"So What Is It That You Do?"
“So, what is it that you do?”
How many times have we all been asked that question?
And how do we respond?
“I’m a programmer for ABComputing” or, “I’m a clerk at bigboxmart,” or, “I’m a . . . [fill in the blank].”
In neo-classical economic theory, we are referred to as “human capital,” and “factors of production.” (I saw further evidence of this dehumanizing language while doing a stint in Dilbertland. My co-workers and I were referred to as “resources” - not even “human resources,” but simply “resources”).
Is that how we define ourselves? With a job title?
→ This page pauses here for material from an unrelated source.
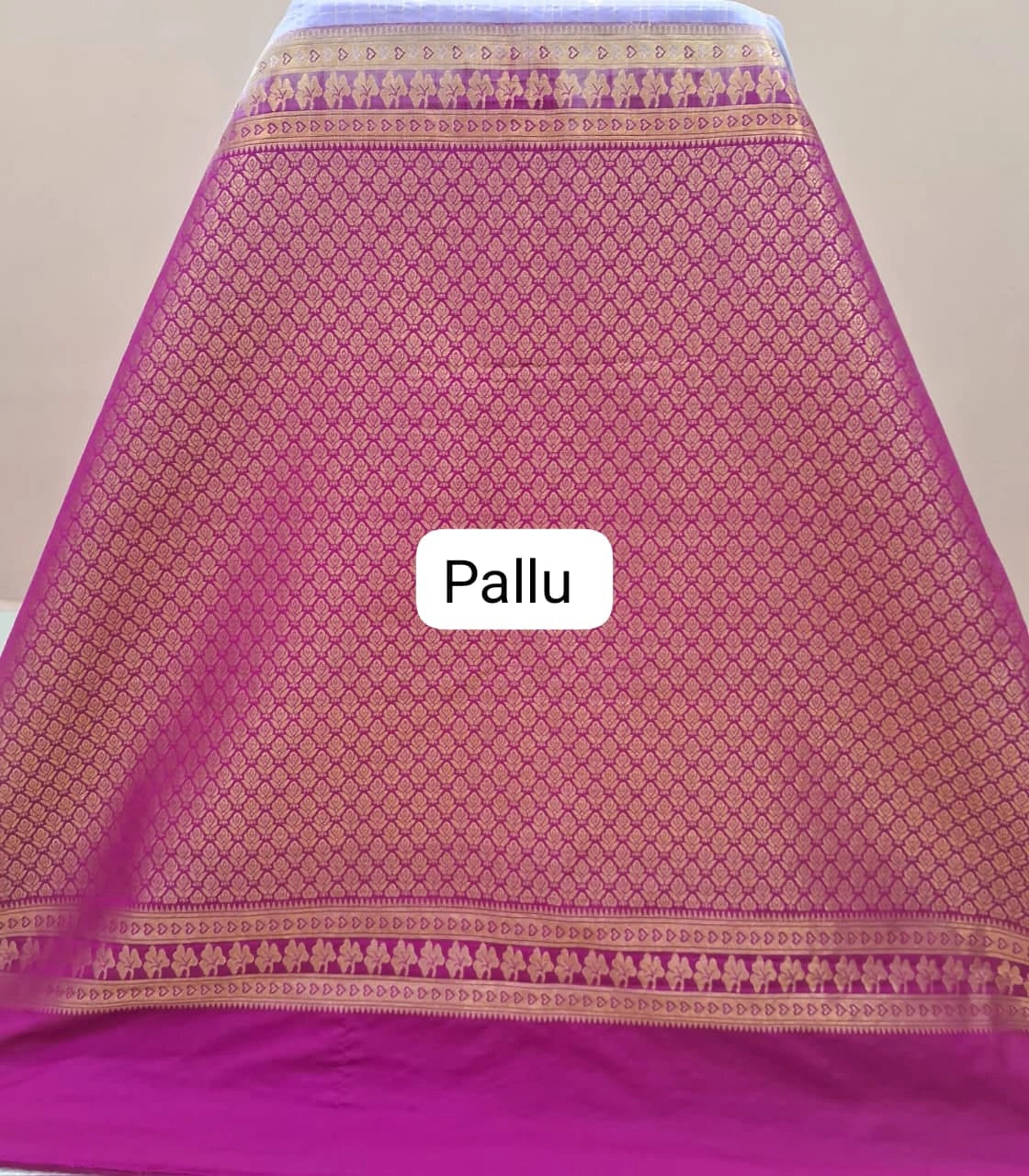 Lavender Kanchi Semi Silk Saree Pallu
A functionary in the workplace?
I did not grow up dreaming about spending my life “thinking outside the box, drinking from the fire hose, brain dumping, circling back, win-winning, getting on the same page, taking it offline, defining skill sets and leveraging our core competencies . . . blah, blah, blah.”
Where is the humanity?
Today, while watching a foot of new snow fall outside my window, I read “The Ecology of Work,” written by Curtis White for Orion Magazine. In it, the author writes, “We all have our place, our “job,” and it is an ever less human place. We are diligent, disciplined, and responsible, but because of these virtues we are also thoughtless.”
Mr. White does not go so far as to offer a comprehensive prescription for change, but he does suggest, “We need to insist on work that is not destructive, that deepens the worker, that encourages her creativity. Such a transformation requires a willingness to take a collective risk, a kind of risk very different from capitalist risk taking. The kind of risk I’m suggesting is no small matter. It means leaving a culture based on the idea of success as the accumulation of wealth-as-money. In its place we need a culture that understands success as life.”
What does that look like? I’m not sure. I suppose I’ll just keep looking.
After reading the article, I took a walk along my Lake Champlain backyard with Marion. We watched as the next wave of the storm poured down the Adirondacks and moved across the lake to where we stood. It’ll be a few more months before these waters warm again.
We turned and walked back up the path to Gypsy Rose and put the bread in the oven. I called my parents to see how they were faring through the storm. When the weather clears tomorrow, I’ll begin installing the new chimney and finally getting a fire burning in the wood stove. Maybe I’ll take a sled run down Mount Philo. I’ll continue the planning for my 2008 sea kayaking, rowing and sailing programs.
Come spring, I’ll anxiously await more of what I “do.” Just don’t ask me to sum it up in one concise phrase.